Exercise details: Entries below include pictures. Output exactly the lines from the one with "For vehicles equipped" down to the one with "So you're just", both ends included, and leave the pictures out.

Dataset entries:
- Opening Delimiter -

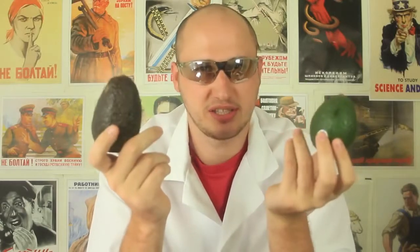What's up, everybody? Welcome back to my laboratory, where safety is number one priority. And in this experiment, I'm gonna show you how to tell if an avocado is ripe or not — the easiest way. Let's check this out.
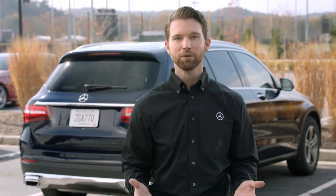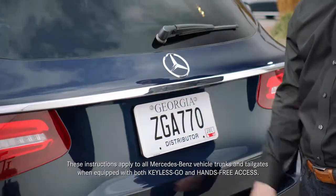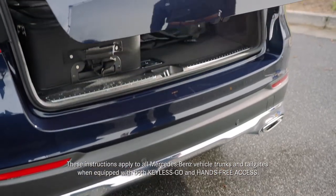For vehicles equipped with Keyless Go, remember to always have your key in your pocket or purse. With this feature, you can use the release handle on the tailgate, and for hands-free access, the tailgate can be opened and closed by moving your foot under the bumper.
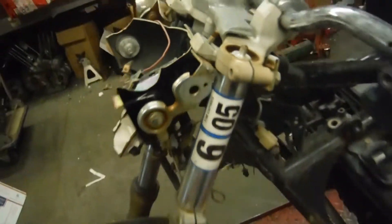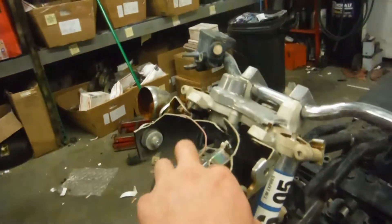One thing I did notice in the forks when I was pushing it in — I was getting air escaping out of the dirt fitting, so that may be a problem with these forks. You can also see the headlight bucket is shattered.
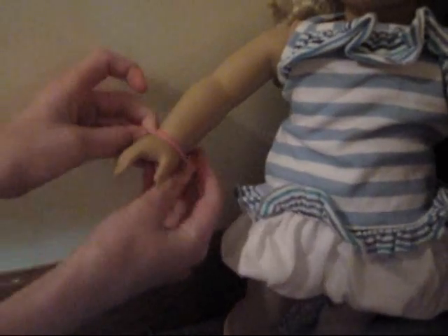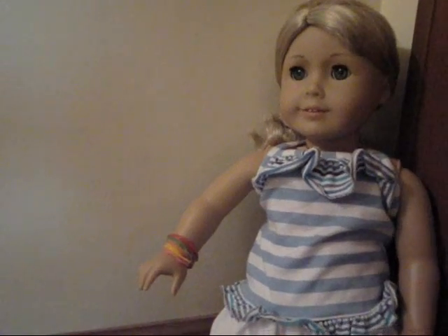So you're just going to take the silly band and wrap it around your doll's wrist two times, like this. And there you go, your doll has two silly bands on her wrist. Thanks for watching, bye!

- Closing Delimiter -
- Opening Delimiter -

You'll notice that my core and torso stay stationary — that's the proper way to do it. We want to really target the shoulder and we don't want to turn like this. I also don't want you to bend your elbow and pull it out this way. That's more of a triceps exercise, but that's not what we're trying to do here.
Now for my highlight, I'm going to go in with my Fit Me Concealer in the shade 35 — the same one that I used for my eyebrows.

- Closing Delimiter -
- Opening Delimiter -

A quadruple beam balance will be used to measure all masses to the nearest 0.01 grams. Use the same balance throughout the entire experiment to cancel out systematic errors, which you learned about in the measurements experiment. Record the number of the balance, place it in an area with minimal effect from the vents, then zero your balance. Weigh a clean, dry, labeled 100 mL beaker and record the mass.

- Closing Delimiter -

Exercise solution:
For vehicles equipped with Keyless Go, remember to always have your key in your pocket or purse. With this feature, you can use the release handle on the tailgate, and for hands-free access, the tailgate can be opened and closed by moving your foot under the bumper.
One thing I did notice in the forks when I was pushing it in — I was getting air escaping out of the dirt fitting, so that may be a problem with these forks. You can also see the headlight bucket is shattered.
So you're just going to take the silly band and wrap it around your doll's wrist two times, like this. And there you go, your doll has two silly bands on her wrist. Thanks for watching, bye!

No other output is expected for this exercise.